There are two general approaches for multi-omics integration
-
Knowledge - driven integration: this type of integration is based on prior knowledge to link key features in different omics. For instance, the KEGG metabolic network is often used to connect key genes, proteins or metabolites obtained from different omics layers to help identify the “activated biological processes”. This type of analysis can be expanded to include other molecular interaction networks such as protein-protein interactions, TF-gene-miRNA interactions etc. We have developed OmicsNet and miRNet to support multi-omics integration based on comprehensive, high-quality molecular networks.

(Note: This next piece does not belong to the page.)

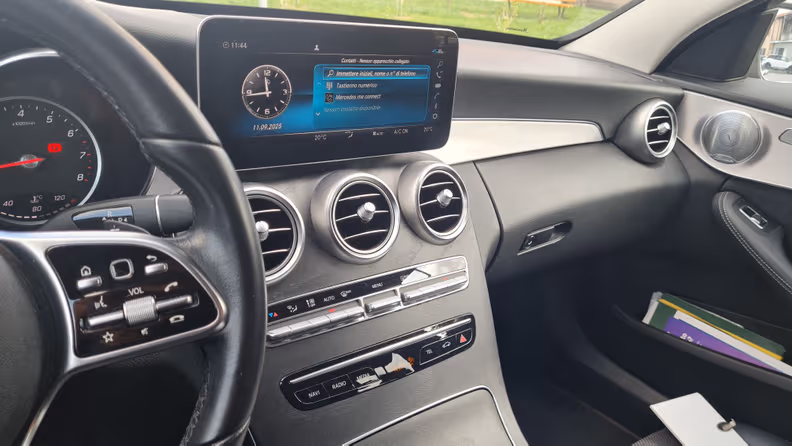Mercedes-Benz C-Class - 39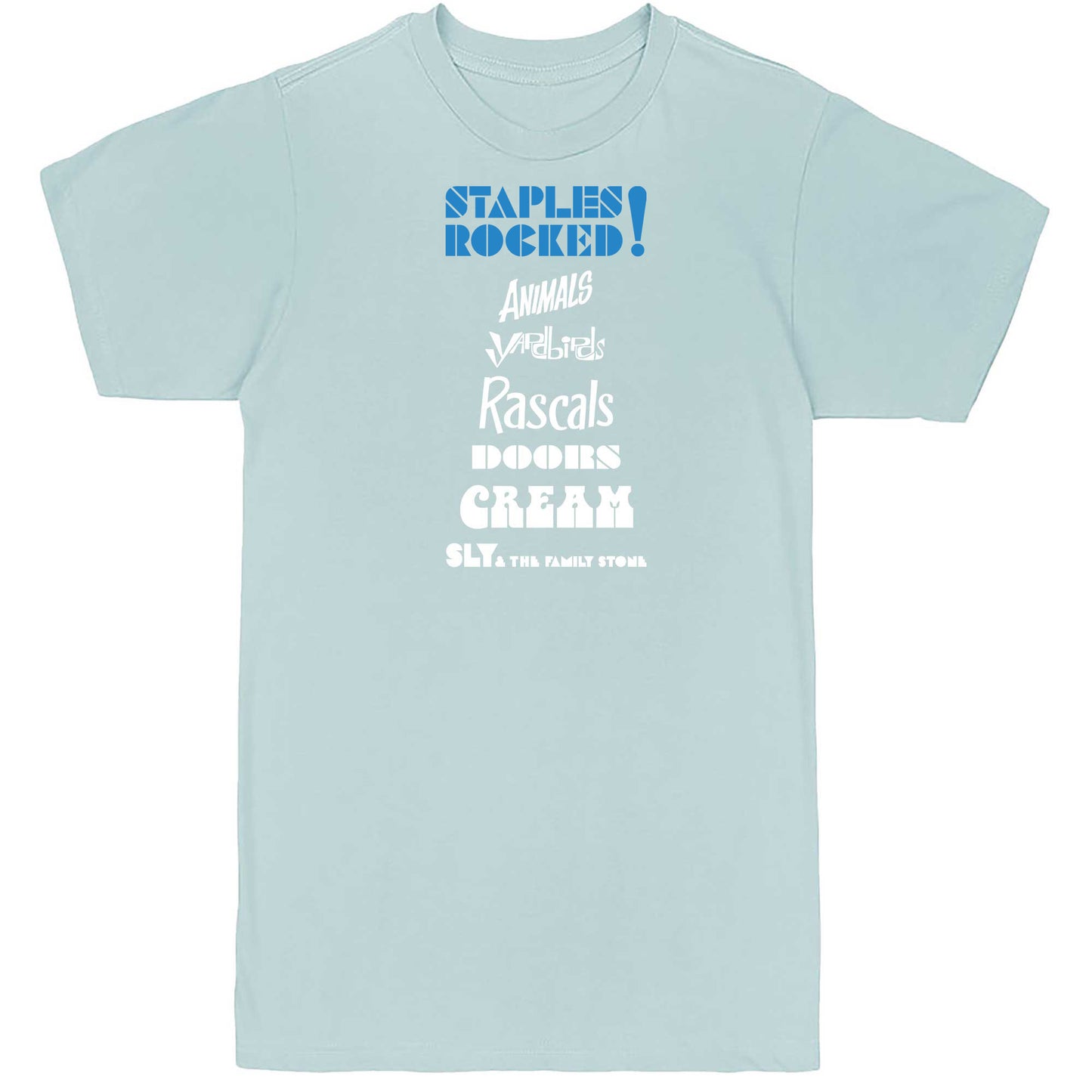 Staples Rocked 1966-68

- The knowledge-based integration is mainly limited to model organisms where comprehensive knowledgebase exists. In addition, it is biased to existing knowledge with limited capacity for discovering novel relationships. This is where the data & model driven integration aims to address.
-
Data & model – driven integration: this type of integration applies various statistical models or machine learning algorithms to detect key features and patterns that co-vary across omics layers. In general, this type of integration is not confined to existing knowledge and is more suitable for novel discoveries.
- A key limitation of this type of integration is that there are no consensus approaches and a wide variety of methods have been developed over the past decade. Each method carries its own model assumption (or bias) and pitfalls. Properly using different methods and interpreting their results are the main challenges. This is one of the main motivations driving the development of OmicsAnalyst.